Applying carbon-based additives can be an ideal strategy to maximise biogas yield, due to low operating costs and high adaptability to large scale implementation. Although several studies have revealed the positive impact of carbon-based additives on biogas generation, the mechanisms and reasons behind this have not yet been comprehensively studied for anaerobic digestion of organic waste. The mechanism of direct interspecies electrontransfer (DIET) has been widely used to describe the effect of carbon-based additives on anaerobic processes.  However, there are other mechanisms which are associated with this process.
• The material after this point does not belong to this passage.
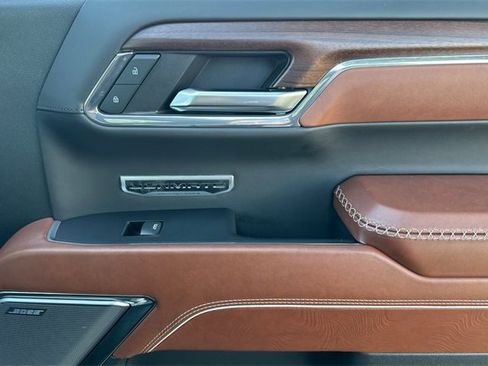 Used 2024 GMC Sierra 1500 Denali Ultimate image 21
In this study, activated carbon and biochar were used as additives in anaerobic digestion (AD) of the organic fraction of municipal solid waste.Thermogravimetric, physical and chemical analyses were conducted to investigate the effect of these additives on the degradation process. The results showed a direct relationship between the thermogravimetric characteristics and the reaction rate. Using 20 g/L biochar significantly increased the rate of AD for all types of biochar, as confirmed by the thermogravimetric results. The physical properties of the additives, including electrical conductivity and surface area, were found to influence only the rate of AD process and not the biogas production yield. Biochar showed more promising results in terms of biogas generation compared to activated carbon due to its ability to adsorb ammonia nitrogen. Although activated carbon efficiently increased the organic degradation rate, concentrations higher than 10 g/L dramatically increased the ammonia nitrogen concentration, which resulted in hindering the methanogenic bacteria activity due to its inhibitory effect. As a result,biogas generation yield did not increase using a high concentration of activated carbon.